**Your goal**
Write every line below out again exactly, images omitted.
+===+
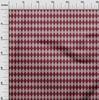 oneOone Cotton Flex Red Fabric Argyle Check Sewing Fabric By The Yard Printed Diy Clothing Sewing Supplies 40 Inch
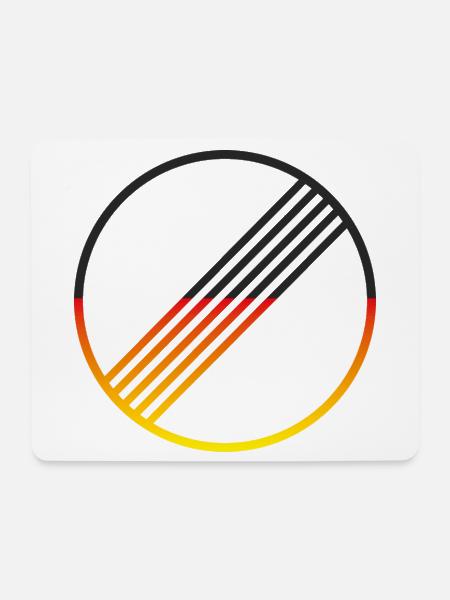 UNBEGRENZT DEUTSCHLAND by Unbegrenzt Apparel - Mousepad (Querformat) - Weiß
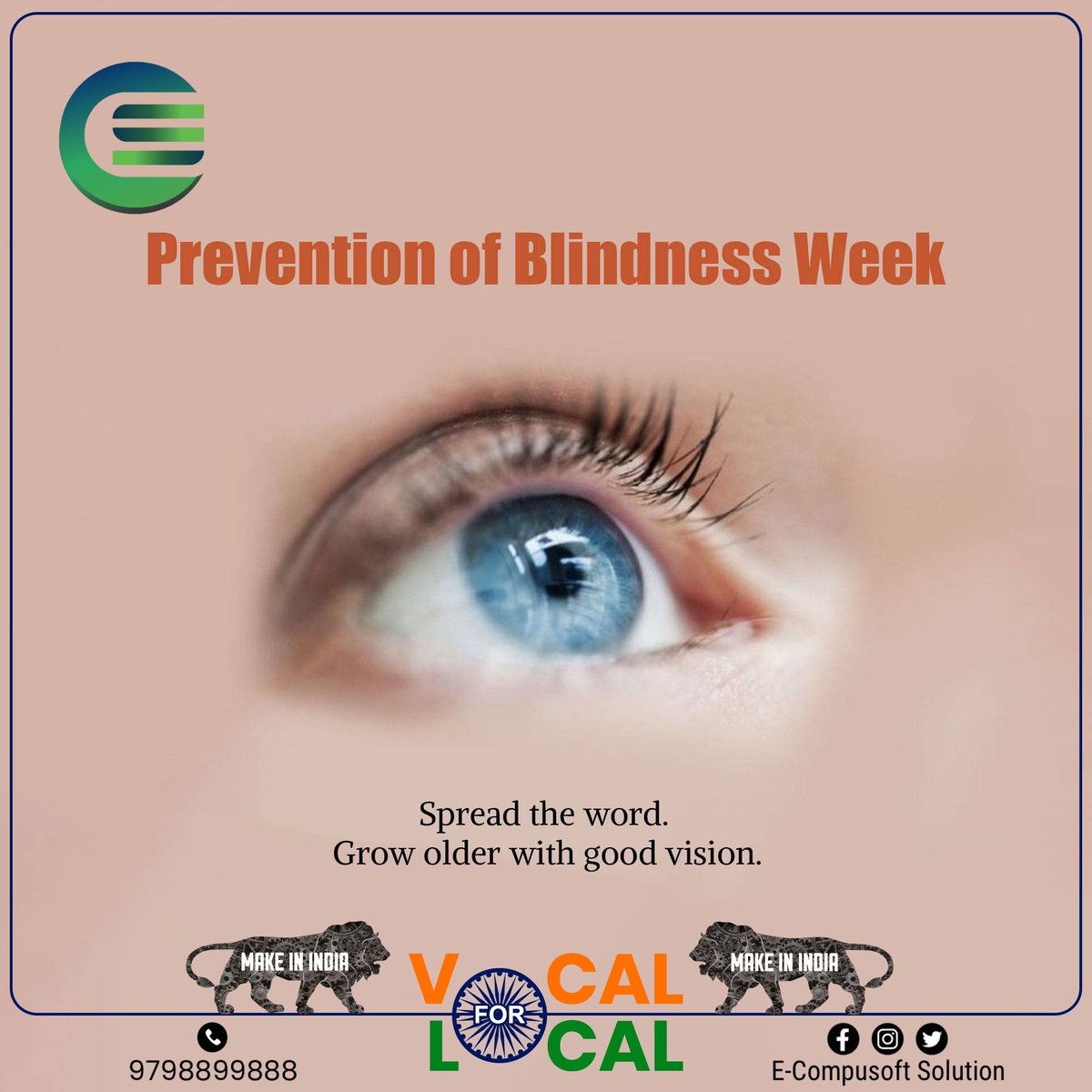 '👁️ Let's shine a spotlight on vision health during Prevention of Blindness Week! Regular eye check-ups, healthy habits, and raising awareness can prevent avoidable blindness. Let's work together to ensure everyone has access to sight-saving care. #PreventBlindness #VisionHealth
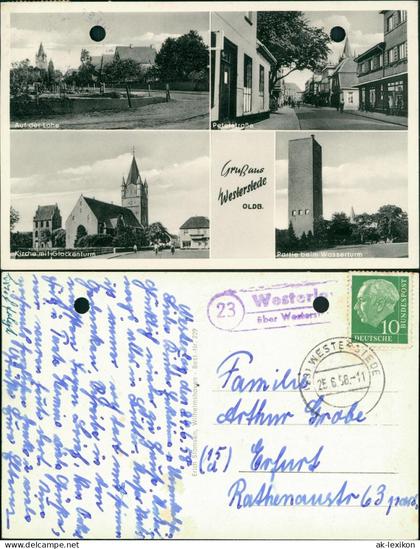 Ansichtskarte Westerstede Lohe, Peterstraße - 4 Bild 1959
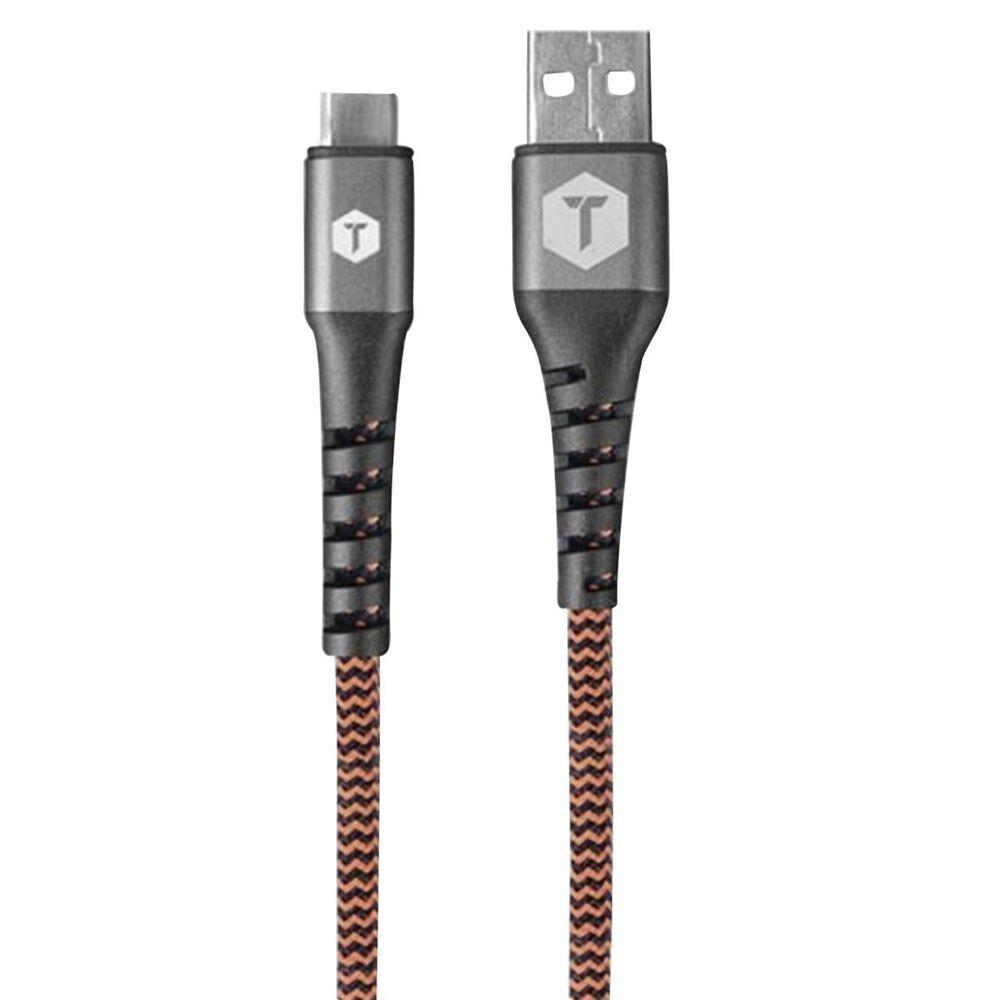 ToughTested Durable Braided 6" USB-A Cable to USB-C Connector, , large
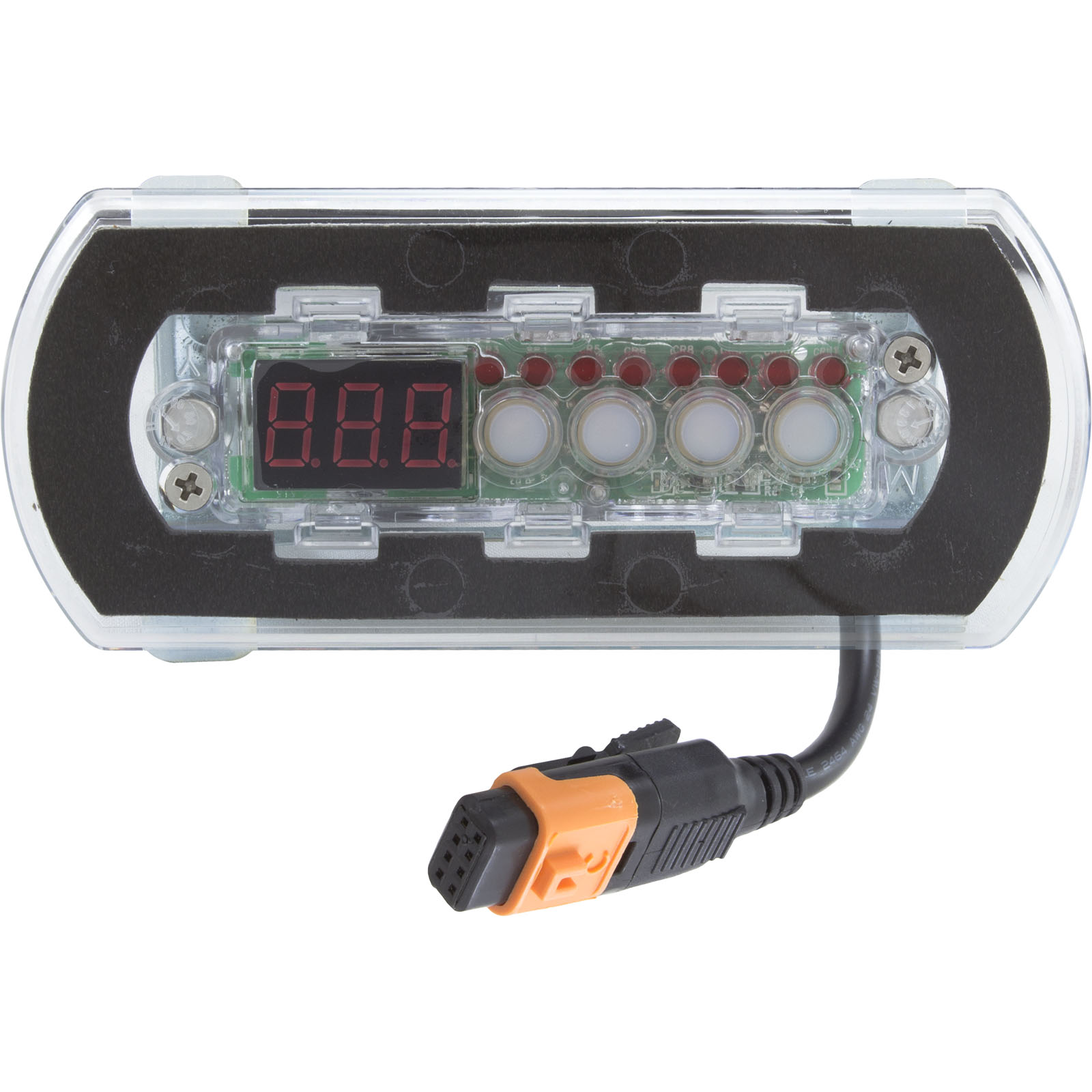 Picture of 0607-008004 Topside Gecko In.k200 4 Button 1 Pump LED w/o Overlay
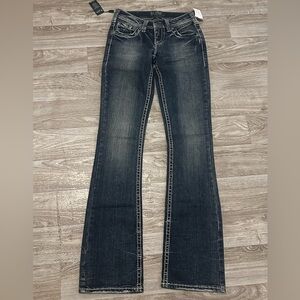 Silver Jeans Women's Dark Blue Flare Jeans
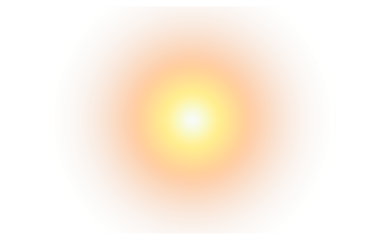 Warm glowing sun energy with yellow halo on black background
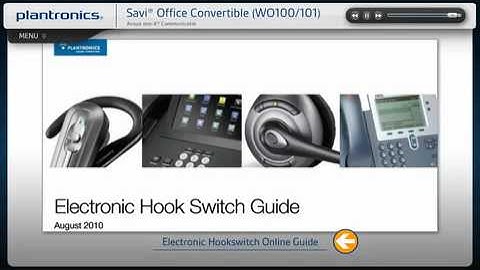 Plantronics Savi Office WO100 with Avaya one-X Interactive Setup Guide (iPhone sample video)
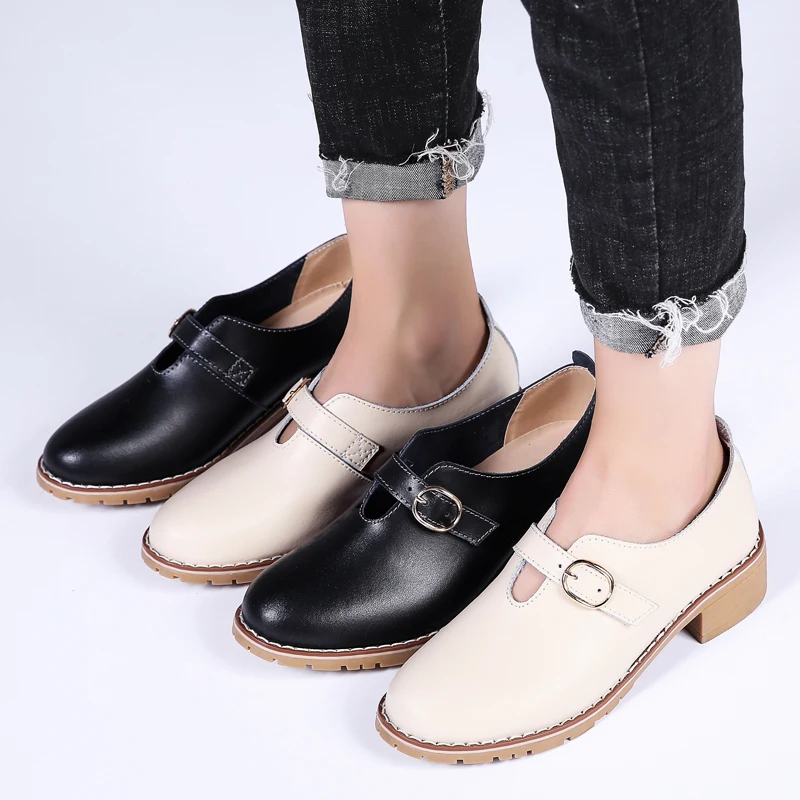 kilobili Spring women oxfords shoes flats shoes women Flat Platform Genuine leather flat heel rubber shoes round toe moccasins
kilobili Spring women oxfords shoes flats shoes women Flat Platform Genuine leather flat heel rubber shoes round toe moccasins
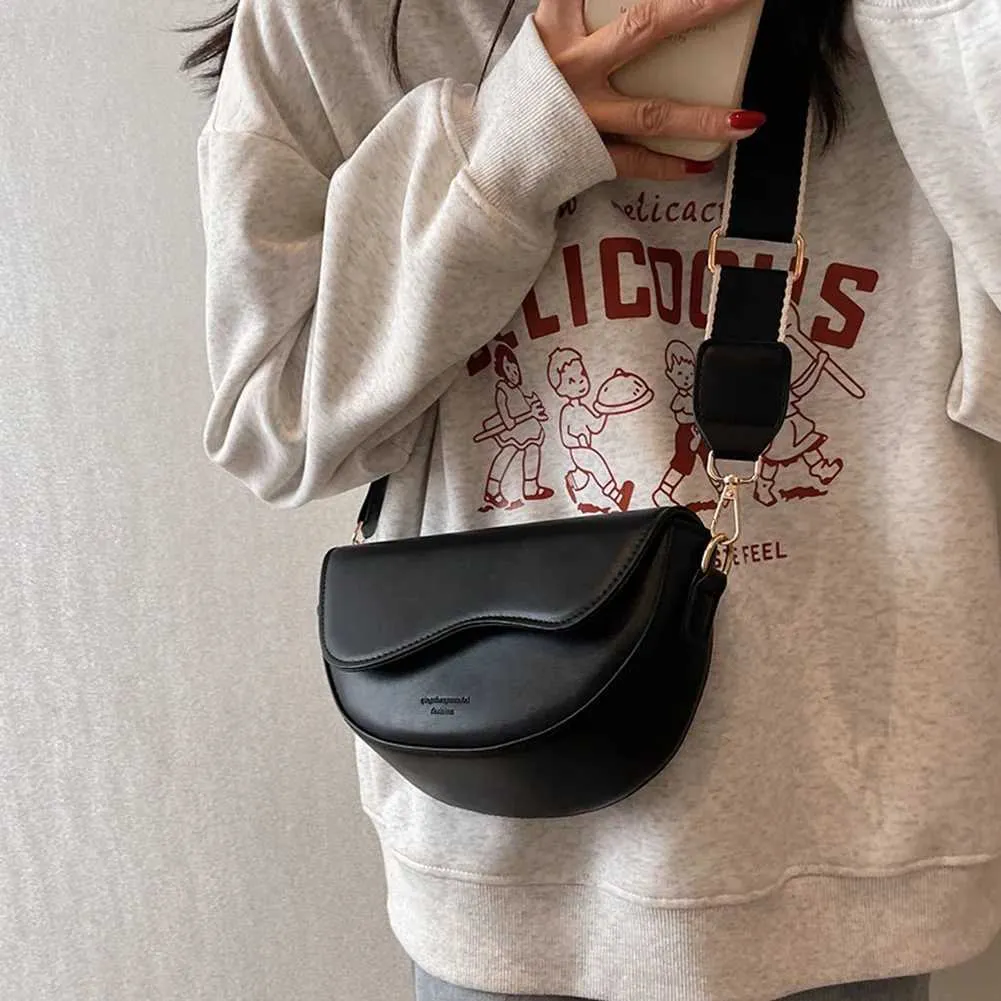 PU Leder Sattel Achselhöhle Taschen für Frauen 2023 Marke Schulter Crossbody Damen Vintage Unterarm Handtaschen Geldbörse Tasche_voghion.com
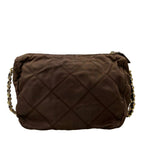 Prada Nylon Chain Shoulder Bag Crossbody Triangle Plate — view 2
+===+
**Response box**
 oneOone Cotton Flex Red Fabric Argyle Check Sewing Fabric By The Yard Printed Diy Clothing Sewing Supplies 40 Inch
 UNBEGRENZT DEUTSCHLAND by Unbegrenzt Apparel - Mousepad (Querformat) - Weiß
 '👁️ Let's shine a spotlight on vision health during Prevention of Blindness Week! Regular eye check-ups, healthy habits, and raising awareness can prevent avoidable blindness. Let's work together to ensure everyone has access to sight-saving care. #PreventBlindness #VisionHealth
 Ansichtskarte Westerstede Lohe, Peterstraße - 4 Bild 1959
 ToughTested Durable Braided 6" USB-A Cable to USB-C Connector, , large
 Picture of 0607-008004 Topside Gecko In.k200 4 Button 1 Pump LED w/o Overlay
 Silver Jeans Women's Dark Blue Flare Jeans
 Warm glowing sun energy with yellow halo on black background
 Plantronics Savi Office WO100 with Avaya one-X Interactive Setup Guide (iPhone sample video)
 kilobili Spring women oxfords shoes flats shoes women Flat Platform Genuine leather flat heel rubber shoes round toe moccasins
kilobili Spring women oxfords shoes flats shoes women Flat Platform Genuine leather flat heel rubber shoes round toe moccasins
 PU Leder Sattel Achselhöhle Taschen für Frauen 2023 Marke Schulter Crossbody Damen Vintage Unterarm Handtaschen Geldbörse Tasche_voghion.com
 Prada Nylon Chain Shoulder Bag Crossbody Triangle Plate — view 2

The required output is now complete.